A question of payment

  • Thread starter Thread starter subman101
  • Start date Start date
S

subman101

If you pay someone by writing them a cheque, and they then lose the cheque...then have you paid them?
 
Yes.
If you paid them in cash and they lost the money you have still paid them.
 
You only pay them when the cheque is honoured. So no.

If I write you a cheque and there are insufficient funds then have I paid you?
 
You only pay them when the cheque is honoured. So no.
So you would happily return to a shop and re-write a cheque for the goods you now have in your house?

If I write you a cheque and there are insufficient funds then have I paid you?
A different issue
the shop would ask for a cheque guarantee card, therefore guaranteeing them payment...

A lot of tradespeople do as well.
Thats why in my view I have paid them.
 
An honest man would cancel the first cheque and write another, assuming the first hadn't been cashed.
 
If you pay someone by writing them a cheque, and they then lose the cheque...then have you paid them?

No. All you have done is write a cheque. You haven't actually given them any money until the cheque has been presented and cleared your account.
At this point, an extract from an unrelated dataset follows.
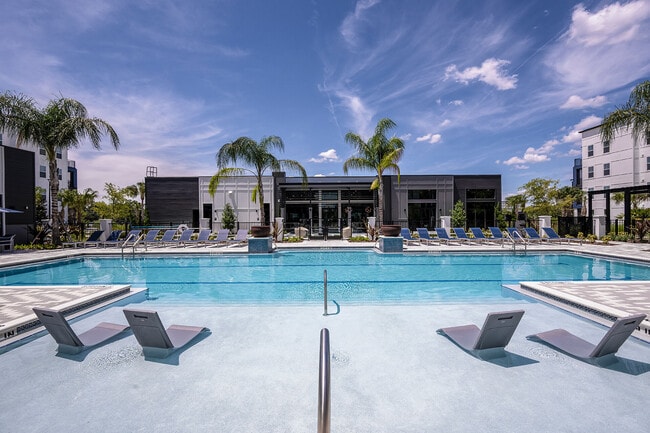 Photo - Vue at the Ridge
However, you will need to put a stop on the lost cheque, to stop it being paid in future. The payee who lost the cheque should pay your bank's charges for stopping the cheque.
 
So, if I handed £500 cash for a TV which I then took home, and the shopkeeper lost that cash on the way to the bank then that means that I would legally own the TV. However, if he lost a cheque for £500 then I would, in effect, be harbouriing goods I am not entitled to?
 
He wouldn't give it to you without it being cleared - unless he was mad.